Quise decirle que ahora era yo la que pedía perdón,
pero Mariela me abrazó y me di cuenta de que no hacía falta agregar nada más.
Como éramos los tres únicos chicos de la misma
edad en el hotel, pasamos juntos todo el tiempo. No voy a decir que fue un verano maravilloso porque sería mentira. Nos peleamos bastante, pero, por suerte, ese día, el primero, Mariela y yo dejamos de hacernos trampas. Hasta que llegó la última noche.
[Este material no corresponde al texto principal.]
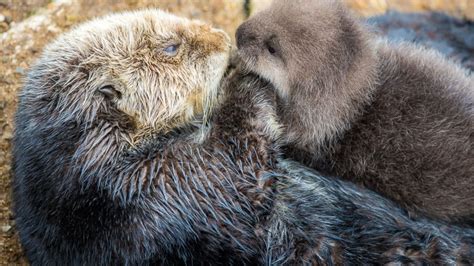 Wild Sea Otter Surprises Monterey Bay Aquarium With Birth Of Otterly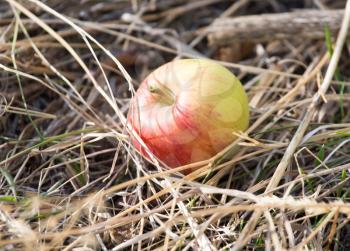 apple lying on the ground in nature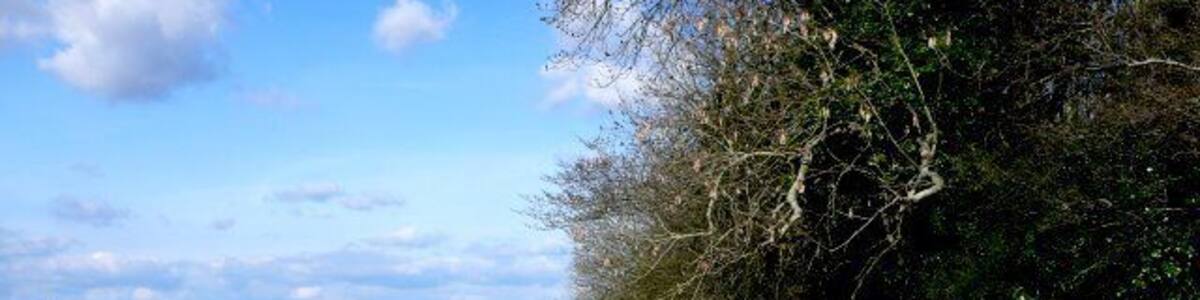 Barrow Plantation This is the view north east down the bridle path that runs along the north west side of barrow Plantation. in the trees in the distance can be seen Steppes Farm.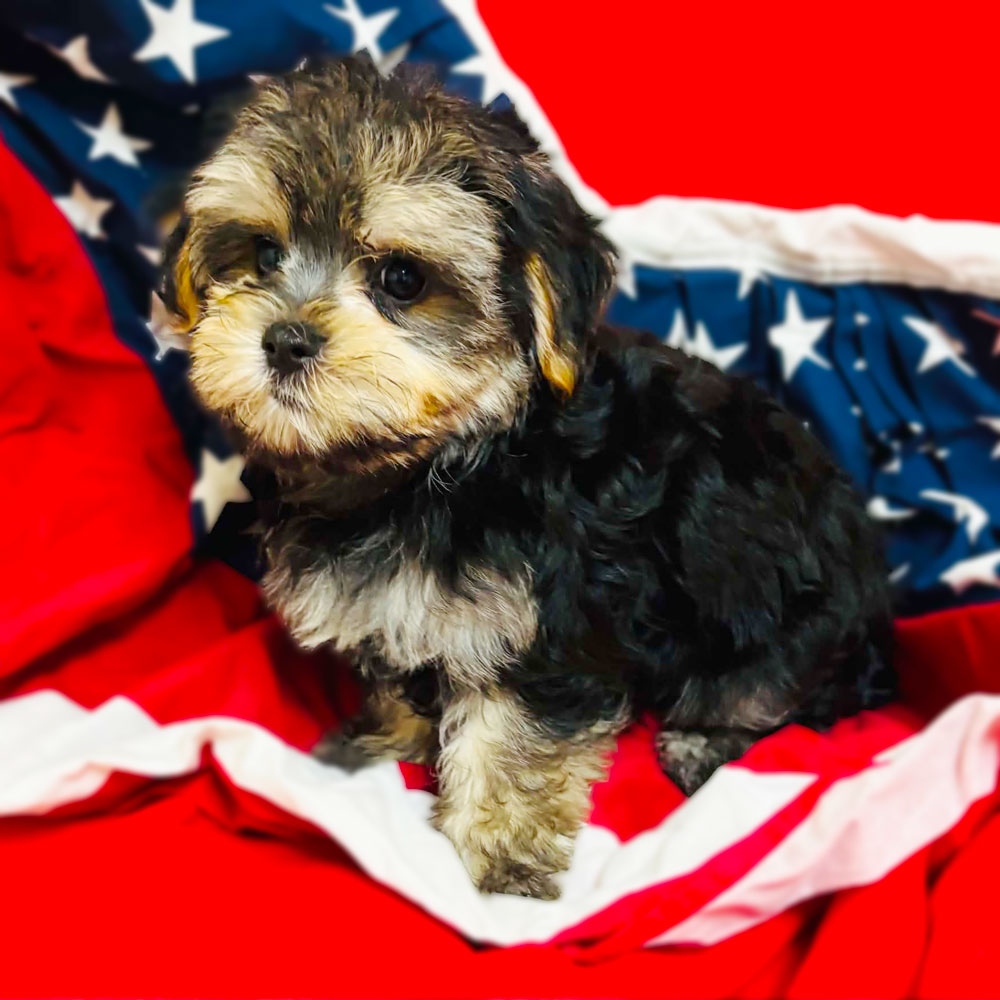 Meet “Sammy”, a Morkie Male Puppy. A Crossbreed between a Maltese and a Yorkshire Terrier.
Pasó que los grandes decidieron hacer una fiesta
de despedida de las vacaciones. Nosotros tres no dejá-
bamos de tomar gaseosas. En una de esas, la madre de
Mariela le pidió que fuera hasta la habitación a buscarle un chal porque tenía frío y mi amiga fue. Entonces Ramiro tiró la bomba.
—¿Querés salir a caminar un rato conmigo solos?
–me preguntó con todos esos dientes que tiene.
¡Y me lo había dicho a mí! ¡A MÍ! Casi me muero.
En ese momento, vi que Mariela venía con el chal que la mamá le había pedido en la mano. Casi me muero.
—Sí –le contesté y todavía no sé cómo me salió la
voz–. Sí, pero otro día, cuando volvamos. Ahora podríamos ir los tres, ¿no te parece?